• _INPUT MATERIAL_
--------------------
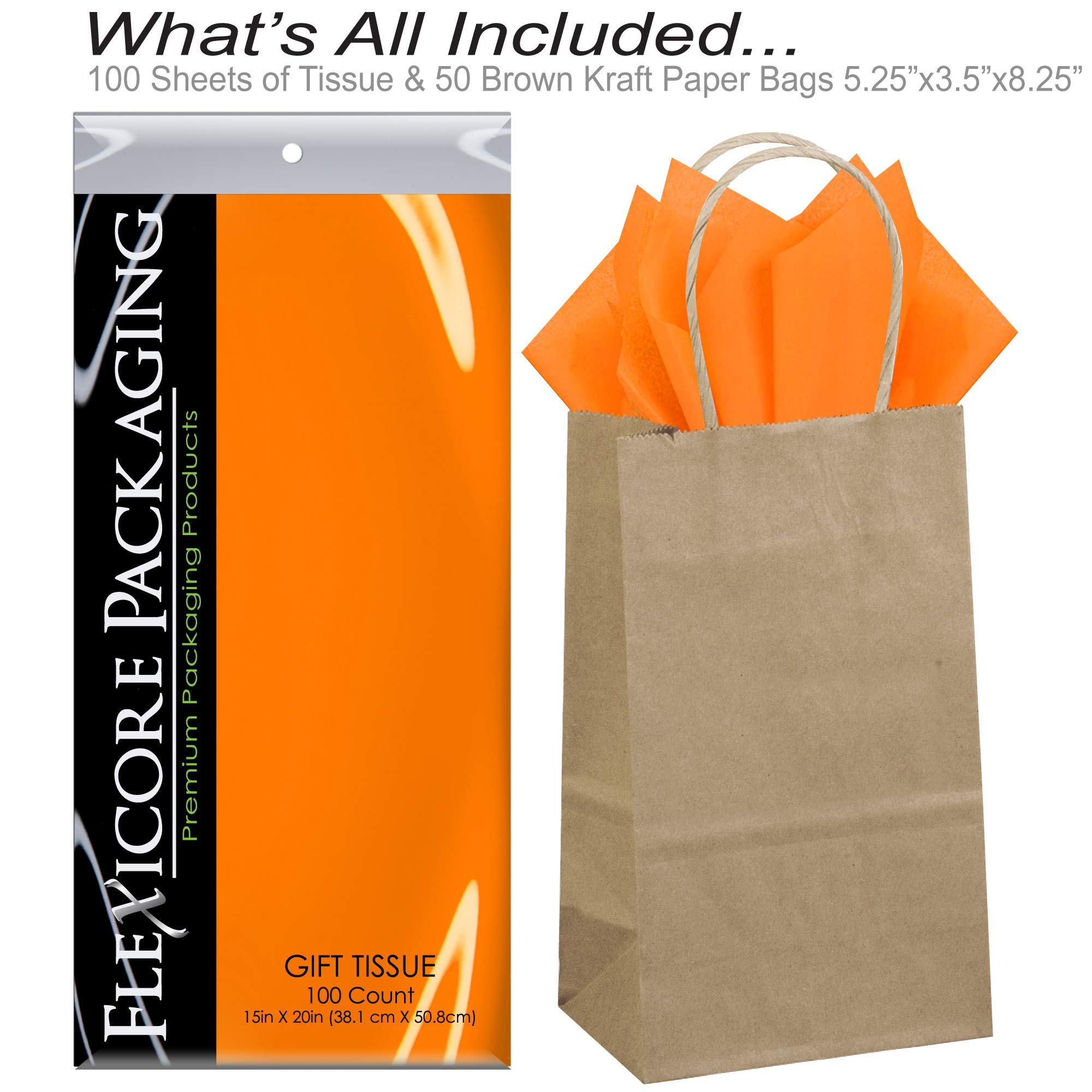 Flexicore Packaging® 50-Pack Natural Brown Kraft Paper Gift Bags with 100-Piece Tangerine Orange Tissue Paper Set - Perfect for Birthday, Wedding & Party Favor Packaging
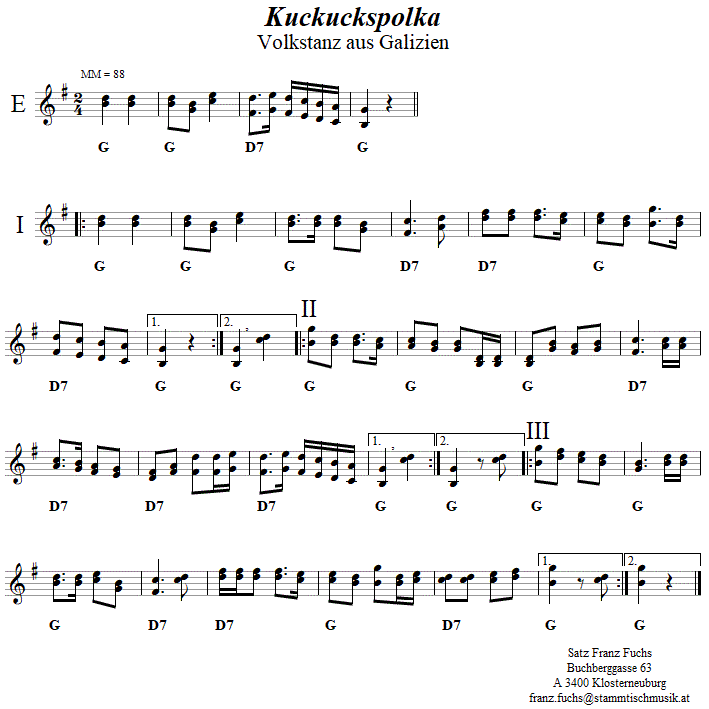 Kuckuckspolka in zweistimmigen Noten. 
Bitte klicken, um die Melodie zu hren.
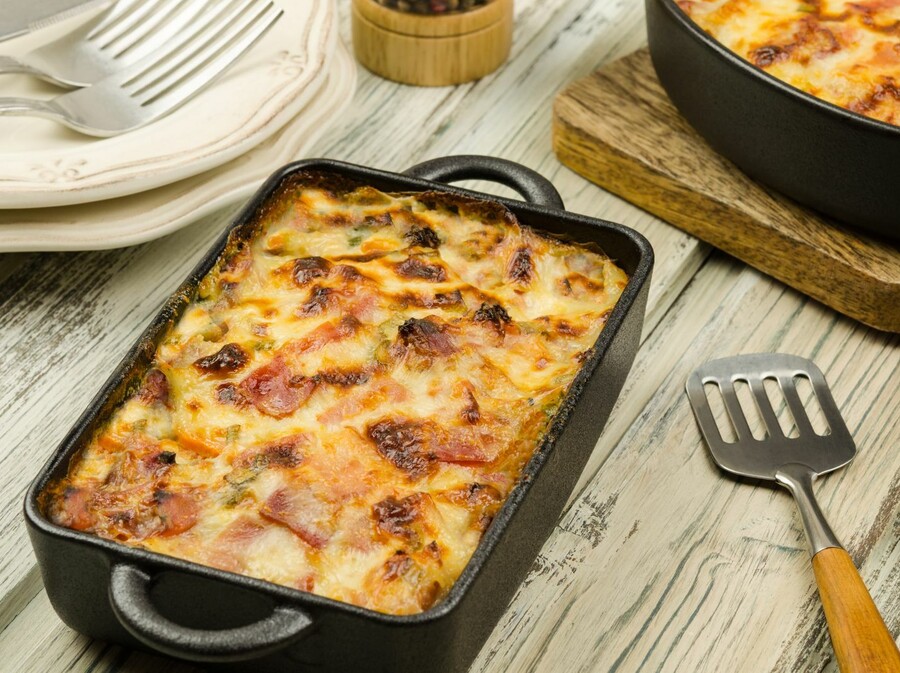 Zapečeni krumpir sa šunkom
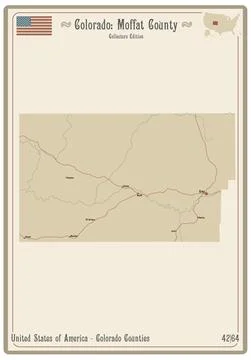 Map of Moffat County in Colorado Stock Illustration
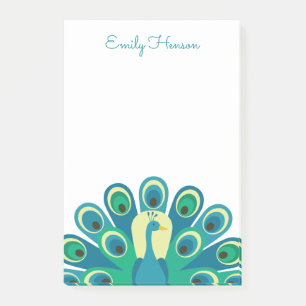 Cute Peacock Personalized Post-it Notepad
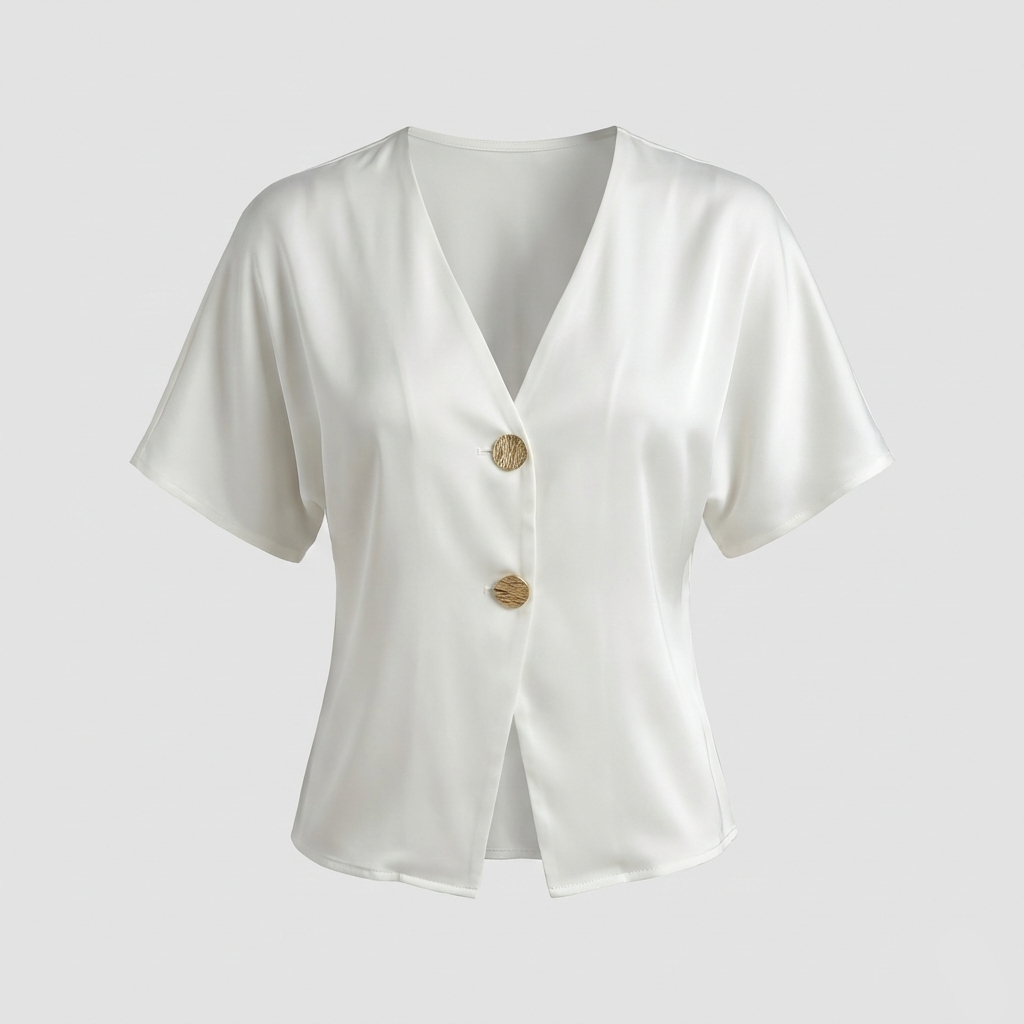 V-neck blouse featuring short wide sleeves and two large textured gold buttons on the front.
--------------------
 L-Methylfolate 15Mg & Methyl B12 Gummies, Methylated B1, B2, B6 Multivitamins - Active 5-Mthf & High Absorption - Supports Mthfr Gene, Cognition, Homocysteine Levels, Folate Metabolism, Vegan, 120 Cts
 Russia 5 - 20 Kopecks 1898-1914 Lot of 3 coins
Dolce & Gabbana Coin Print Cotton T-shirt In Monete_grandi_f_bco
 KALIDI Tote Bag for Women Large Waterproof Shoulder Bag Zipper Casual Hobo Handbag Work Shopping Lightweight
--------------------
• _WHAT YOU ARE ASKED TO DO_
Only the lines from the one containing "Dolce & Gabbana" through the one containing "KALIDI Tote Bag" are to be retyped, both boundary lines included, with no other material.

• _TASK OUTPUT_
Dolce & Gabbana Coin Print Cotton T-shirt In Monete_grandi_f_bco
 KALIDI Tote Bag for Women Large Waterproof Shoulder Bag Zipper Casual Hobo Handbag Work Shopping Lightweight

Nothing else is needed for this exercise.